Dependent Types

Pattern matching in languages with dependent types must be able to retain consistency between dependencies within different terms in a pattern. As these dependencies introduce information that is only useful at compile-time, we should also figure out how to eliminate any runtime agnostic computations in order to improve program efficiency.

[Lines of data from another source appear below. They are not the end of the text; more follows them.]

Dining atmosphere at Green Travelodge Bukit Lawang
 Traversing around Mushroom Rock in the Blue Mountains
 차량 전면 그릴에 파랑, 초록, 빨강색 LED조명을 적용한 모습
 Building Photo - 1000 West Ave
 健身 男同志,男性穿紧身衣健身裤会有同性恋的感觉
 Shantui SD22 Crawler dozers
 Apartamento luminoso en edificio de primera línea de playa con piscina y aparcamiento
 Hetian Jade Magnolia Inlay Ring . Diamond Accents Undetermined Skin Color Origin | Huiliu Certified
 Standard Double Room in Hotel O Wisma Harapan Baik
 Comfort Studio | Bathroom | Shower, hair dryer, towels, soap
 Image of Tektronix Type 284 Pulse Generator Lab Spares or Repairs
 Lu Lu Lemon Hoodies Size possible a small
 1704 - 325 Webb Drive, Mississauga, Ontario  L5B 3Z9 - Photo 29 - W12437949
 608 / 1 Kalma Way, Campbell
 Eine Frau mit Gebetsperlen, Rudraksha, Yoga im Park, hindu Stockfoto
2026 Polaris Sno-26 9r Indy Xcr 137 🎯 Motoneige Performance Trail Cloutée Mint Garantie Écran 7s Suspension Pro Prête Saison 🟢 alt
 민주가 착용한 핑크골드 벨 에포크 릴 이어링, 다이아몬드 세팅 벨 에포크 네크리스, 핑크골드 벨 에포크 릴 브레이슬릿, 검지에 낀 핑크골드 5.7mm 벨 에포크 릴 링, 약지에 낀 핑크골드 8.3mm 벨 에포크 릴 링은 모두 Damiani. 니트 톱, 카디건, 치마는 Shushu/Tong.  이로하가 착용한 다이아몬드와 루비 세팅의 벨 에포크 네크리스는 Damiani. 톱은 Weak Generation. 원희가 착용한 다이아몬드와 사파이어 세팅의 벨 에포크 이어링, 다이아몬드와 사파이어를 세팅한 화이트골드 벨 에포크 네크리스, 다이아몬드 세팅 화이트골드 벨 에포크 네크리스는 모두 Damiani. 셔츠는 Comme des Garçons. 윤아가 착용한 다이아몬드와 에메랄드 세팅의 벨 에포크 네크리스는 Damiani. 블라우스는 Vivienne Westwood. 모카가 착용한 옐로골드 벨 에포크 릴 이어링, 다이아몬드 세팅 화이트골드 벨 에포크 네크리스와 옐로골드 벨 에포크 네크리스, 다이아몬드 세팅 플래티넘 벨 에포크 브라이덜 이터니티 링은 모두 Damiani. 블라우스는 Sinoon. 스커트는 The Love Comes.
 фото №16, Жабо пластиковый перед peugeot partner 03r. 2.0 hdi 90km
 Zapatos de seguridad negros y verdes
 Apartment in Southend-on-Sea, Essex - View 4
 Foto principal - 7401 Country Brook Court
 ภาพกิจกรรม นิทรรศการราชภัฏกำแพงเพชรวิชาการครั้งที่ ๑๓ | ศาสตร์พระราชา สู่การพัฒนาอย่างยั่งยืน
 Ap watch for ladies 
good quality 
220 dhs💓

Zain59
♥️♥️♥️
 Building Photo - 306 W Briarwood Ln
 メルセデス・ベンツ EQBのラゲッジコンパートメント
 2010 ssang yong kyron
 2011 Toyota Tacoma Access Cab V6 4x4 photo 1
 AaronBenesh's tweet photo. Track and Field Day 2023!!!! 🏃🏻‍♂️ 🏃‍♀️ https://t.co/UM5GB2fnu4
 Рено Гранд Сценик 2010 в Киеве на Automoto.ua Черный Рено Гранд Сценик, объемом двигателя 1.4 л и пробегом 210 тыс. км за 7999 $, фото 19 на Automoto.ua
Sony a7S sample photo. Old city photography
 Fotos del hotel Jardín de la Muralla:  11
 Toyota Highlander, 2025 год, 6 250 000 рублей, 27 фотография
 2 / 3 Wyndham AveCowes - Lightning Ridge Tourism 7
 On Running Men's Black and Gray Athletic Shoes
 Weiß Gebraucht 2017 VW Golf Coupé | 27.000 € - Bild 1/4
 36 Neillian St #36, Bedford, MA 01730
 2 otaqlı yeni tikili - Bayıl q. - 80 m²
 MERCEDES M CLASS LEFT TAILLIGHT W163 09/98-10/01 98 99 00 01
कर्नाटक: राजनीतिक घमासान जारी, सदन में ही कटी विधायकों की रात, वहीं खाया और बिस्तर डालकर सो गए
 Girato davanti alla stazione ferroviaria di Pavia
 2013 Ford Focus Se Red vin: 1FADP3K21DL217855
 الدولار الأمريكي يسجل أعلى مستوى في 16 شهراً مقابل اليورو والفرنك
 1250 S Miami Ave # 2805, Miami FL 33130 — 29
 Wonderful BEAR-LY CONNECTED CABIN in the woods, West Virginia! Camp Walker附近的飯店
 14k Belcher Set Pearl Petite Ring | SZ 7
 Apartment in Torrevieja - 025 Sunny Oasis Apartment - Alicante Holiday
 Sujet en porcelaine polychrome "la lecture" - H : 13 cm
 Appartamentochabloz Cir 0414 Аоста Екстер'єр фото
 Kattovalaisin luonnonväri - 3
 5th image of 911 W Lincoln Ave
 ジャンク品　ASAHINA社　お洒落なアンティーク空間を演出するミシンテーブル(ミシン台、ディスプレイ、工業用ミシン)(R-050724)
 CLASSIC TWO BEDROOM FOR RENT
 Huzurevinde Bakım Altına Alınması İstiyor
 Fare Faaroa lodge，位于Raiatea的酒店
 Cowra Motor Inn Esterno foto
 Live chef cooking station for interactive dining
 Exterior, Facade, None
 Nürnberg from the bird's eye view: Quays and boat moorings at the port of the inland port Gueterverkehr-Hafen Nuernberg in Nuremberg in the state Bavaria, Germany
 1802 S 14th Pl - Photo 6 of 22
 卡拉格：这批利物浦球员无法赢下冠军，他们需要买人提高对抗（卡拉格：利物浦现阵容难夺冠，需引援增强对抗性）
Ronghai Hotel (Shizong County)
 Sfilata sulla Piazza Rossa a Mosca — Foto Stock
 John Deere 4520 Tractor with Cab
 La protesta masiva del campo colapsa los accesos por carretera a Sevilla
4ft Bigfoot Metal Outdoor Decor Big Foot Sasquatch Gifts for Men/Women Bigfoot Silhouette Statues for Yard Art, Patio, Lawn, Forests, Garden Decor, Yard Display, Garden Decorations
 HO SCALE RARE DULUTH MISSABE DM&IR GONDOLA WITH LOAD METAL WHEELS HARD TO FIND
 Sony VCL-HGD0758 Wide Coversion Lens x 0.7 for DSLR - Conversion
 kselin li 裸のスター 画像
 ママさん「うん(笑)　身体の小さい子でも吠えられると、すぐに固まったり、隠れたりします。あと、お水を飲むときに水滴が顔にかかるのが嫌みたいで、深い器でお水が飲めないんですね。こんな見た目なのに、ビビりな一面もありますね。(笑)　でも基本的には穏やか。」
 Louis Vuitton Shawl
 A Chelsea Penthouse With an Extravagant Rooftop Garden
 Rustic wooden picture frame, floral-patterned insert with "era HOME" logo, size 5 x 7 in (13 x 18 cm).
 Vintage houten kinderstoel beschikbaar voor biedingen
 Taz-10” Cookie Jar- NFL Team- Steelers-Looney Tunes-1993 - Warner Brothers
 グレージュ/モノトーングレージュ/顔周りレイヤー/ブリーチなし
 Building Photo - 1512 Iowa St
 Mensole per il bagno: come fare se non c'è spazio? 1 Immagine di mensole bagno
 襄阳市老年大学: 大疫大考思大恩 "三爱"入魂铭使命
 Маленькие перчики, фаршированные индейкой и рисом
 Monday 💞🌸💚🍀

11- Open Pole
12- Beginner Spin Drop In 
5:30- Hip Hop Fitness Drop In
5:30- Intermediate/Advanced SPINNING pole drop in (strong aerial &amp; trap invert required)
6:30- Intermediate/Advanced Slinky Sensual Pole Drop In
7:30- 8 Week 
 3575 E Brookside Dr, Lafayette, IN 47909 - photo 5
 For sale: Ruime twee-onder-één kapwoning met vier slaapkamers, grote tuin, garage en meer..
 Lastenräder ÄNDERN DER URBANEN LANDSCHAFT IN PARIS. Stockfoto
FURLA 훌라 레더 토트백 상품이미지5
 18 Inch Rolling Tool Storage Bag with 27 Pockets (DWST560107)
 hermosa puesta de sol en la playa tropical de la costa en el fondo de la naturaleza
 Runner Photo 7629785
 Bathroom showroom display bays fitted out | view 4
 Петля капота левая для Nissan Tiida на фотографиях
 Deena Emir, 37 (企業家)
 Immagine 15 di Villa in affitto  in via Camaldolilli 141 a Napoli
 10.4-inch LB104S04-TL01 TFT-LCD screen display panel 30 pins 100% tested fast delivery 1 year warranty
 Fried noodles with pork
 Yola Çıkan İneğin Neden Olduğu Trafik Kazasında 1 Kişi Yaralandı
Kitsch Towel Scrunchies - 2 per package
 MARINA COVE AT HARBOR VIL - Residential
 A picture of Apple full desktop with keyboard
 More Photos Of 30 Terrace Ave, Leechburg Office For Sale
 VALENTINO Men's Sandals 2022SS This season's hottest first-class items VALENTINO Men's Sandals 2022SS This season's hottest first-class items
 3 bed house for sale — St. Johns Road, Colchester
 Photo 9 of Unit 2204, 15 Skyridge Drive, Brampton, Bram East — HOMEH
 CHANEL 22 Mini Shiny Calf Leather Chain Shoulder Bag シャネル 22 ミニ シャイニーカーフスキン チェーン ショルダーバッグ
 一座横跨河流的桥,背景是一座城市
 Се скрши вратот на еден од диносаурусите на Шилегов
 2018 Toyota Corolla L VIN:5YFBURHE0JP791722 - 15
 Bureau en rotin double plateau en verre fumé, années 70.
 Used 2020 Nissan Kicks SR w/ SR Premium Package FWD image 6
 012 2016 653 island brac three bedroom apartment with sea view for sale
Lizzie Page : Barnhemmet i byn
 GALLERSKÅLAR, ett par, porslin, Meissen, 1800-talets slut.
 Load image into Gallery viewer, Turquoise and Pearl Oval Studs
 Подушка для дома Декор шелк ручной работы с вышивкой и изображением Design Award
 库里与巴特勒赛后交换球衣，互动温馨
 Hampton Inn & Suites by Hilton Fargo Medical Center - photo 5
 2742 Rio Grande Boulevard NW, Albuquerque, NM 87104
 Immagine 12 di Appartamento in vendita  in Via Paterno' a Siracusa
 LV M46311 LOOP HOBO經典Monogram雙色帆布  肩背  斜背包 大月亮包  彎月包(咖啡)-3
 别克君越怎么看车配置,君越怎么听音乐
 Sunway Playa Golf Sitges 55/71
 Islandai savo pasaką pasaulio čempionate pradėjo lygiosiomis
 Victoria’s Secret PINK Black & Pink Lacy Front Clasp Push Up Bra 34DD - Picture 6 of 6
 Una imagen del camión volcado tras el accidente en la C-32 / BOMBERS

In his PhD thesis Towards a practical programming language based on dependent type theory, Norell defines Agda, a dependently typed functional programming language that can perform pattern matching over inductive families. They aim to reduce the computation needed to match at runtime by marking deducible patterns as inaccessible. Tejiščák argues that inaccessibility is insufficient to reduce dependent types’ overhead to acceptable levels. They define a dependently typed calculus with pattern matching alongside an algorithm for inferring erasure, the property for a term to be unnecessary at run-time. Their evaluation shows how using erasure makes both the compiler and the resulting program run faster. Through an example, in this essay I show how their respective pattern matching algorithms reduce runtime overhead.

Dependent pattern matching

In a dependently typed calculus, we can form types from terms. Take the following Agda data type for vectors and their corresponding append function with all indices made explicit:

data Vec (A : Set) : (n : ℕ) → Set where
  []   : Vec A zero
  cons : (n : ℕ) → (x : A) → (xs : Vec A n) → Vec A (suc n)

app : {A : Set} \rightarrow (m n : ℕ) → Vec A m → Vec A n → Vec A (m + n) 
app m  n []            ys = ys
app m' n (cons m x xs) ys = cons (m + n) x (app m n xs ys)

We have made the Vec’s length indices m and n explicit. When matching on the first pattern, the value of m can be deduced from the first vector []. This first pattern could therefore be written as zero n [] ys without loss of generality. Thus, we can see that when pattern matching on dependent types, patterns can be iteratively refined as we glean more information from the dependencies.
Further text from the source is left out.